它们一个代表着 sqoop1，一个代表着sqoop2，它们功能性上的异同可简单归纳为以下几点，其余差异不在本文做过多的赘述。

功能	Sqoop 1	Sqoop 2
用于所有主要 RDBMS 的连接器	支持	不支持解决办法：使用已在以下数据库上执行测试的通用 JDBC 连接器： Microsoft SQL Server 、 PostgreSQL 、 MySQL 和 Oracle 。
Kerberos 安全集成	支持	不支持
数据从 RDBMS 传输至 Hive 或 HBase	支持	不支持解决办法：按照此两步方法操作。将数据从 RDBMS 导入 HDFS 在 Hive 中使用相应的工具和命令（例如 LOAD DATA 语句），手动将数据载入 Hive 或 HBase
数据从 Hive 或 HBase 传输至 RDBMS	不支持解决办法：按照此两步方法操作。
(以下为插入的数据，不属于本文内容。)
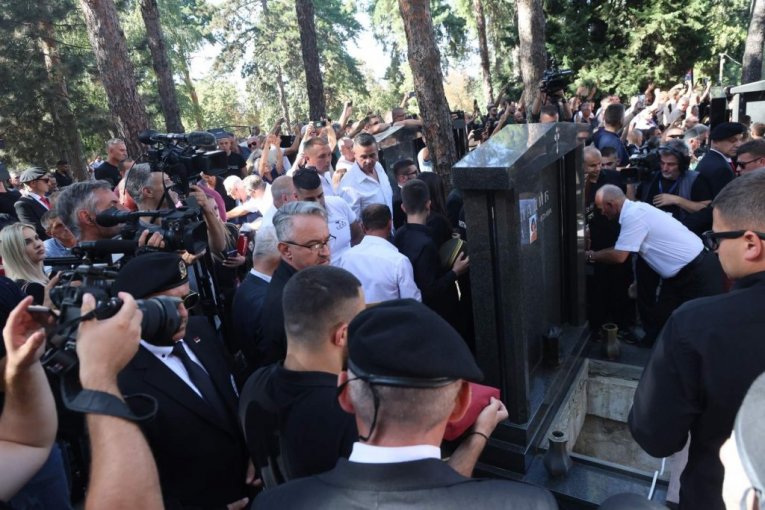 Sahranjen Ratko Mladić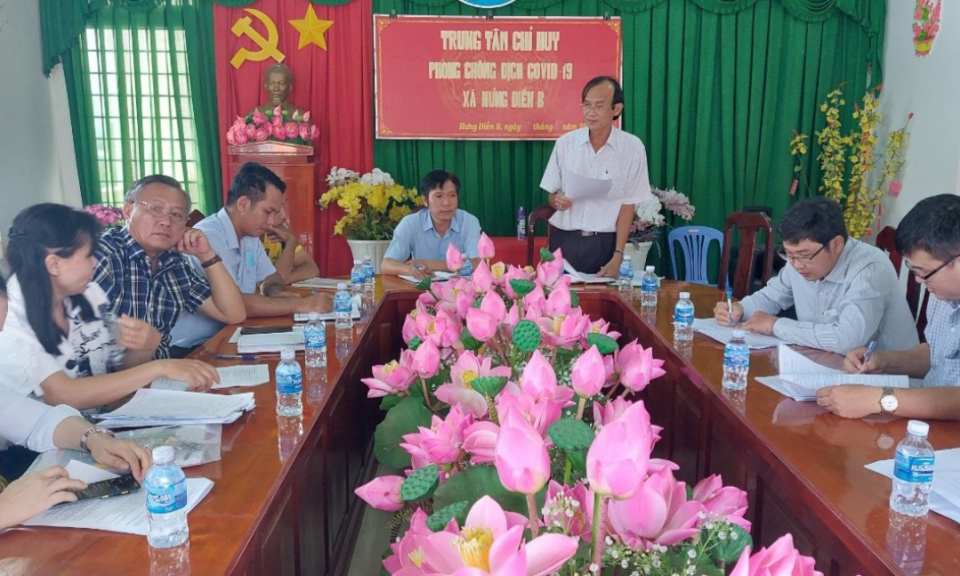 Kiểm tra về chi trả chế độ chính sách tại xã Hưng Điền B, huyện Tân Hưng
从 Hive 或 HBase 将数据提取至 HDFS （作为文本或 Avro 文件）使用 Sqoop 将上一步的输出导出至 RDBMS	不支持按照与 Sqoop 1 相同的解决方法操作

关于两者在其他方面的异同可以参考此文：Sqoop1和Sqoop2的刨析对比

出发

本文的背景环境为 sqoop 1.4.6

sqoop 的命令格式十分简单，只需要往上累加需要的参数即可

$ sqoop help
usage: sqoop COMMAND [ARGS]

Available commands:
  codegen            Generate code to interact with database records
  create-hive-table  Import a table definition into Hive
  eval               Evaluate a SQL statement and display the results
  export             Export an HDFS directory to a database table
  help               List available commands
  import             Import a table from a database to HDFS
  import-all-tables  Import tables from a database to HDFS
  import-mainframe   Import mainframe datasets to HDFS
  list-databases     List available databases on a server
  list-tables        List available tables in a database
  version            Display version information

See 'sqoop help COMMAND' for information on a specific command.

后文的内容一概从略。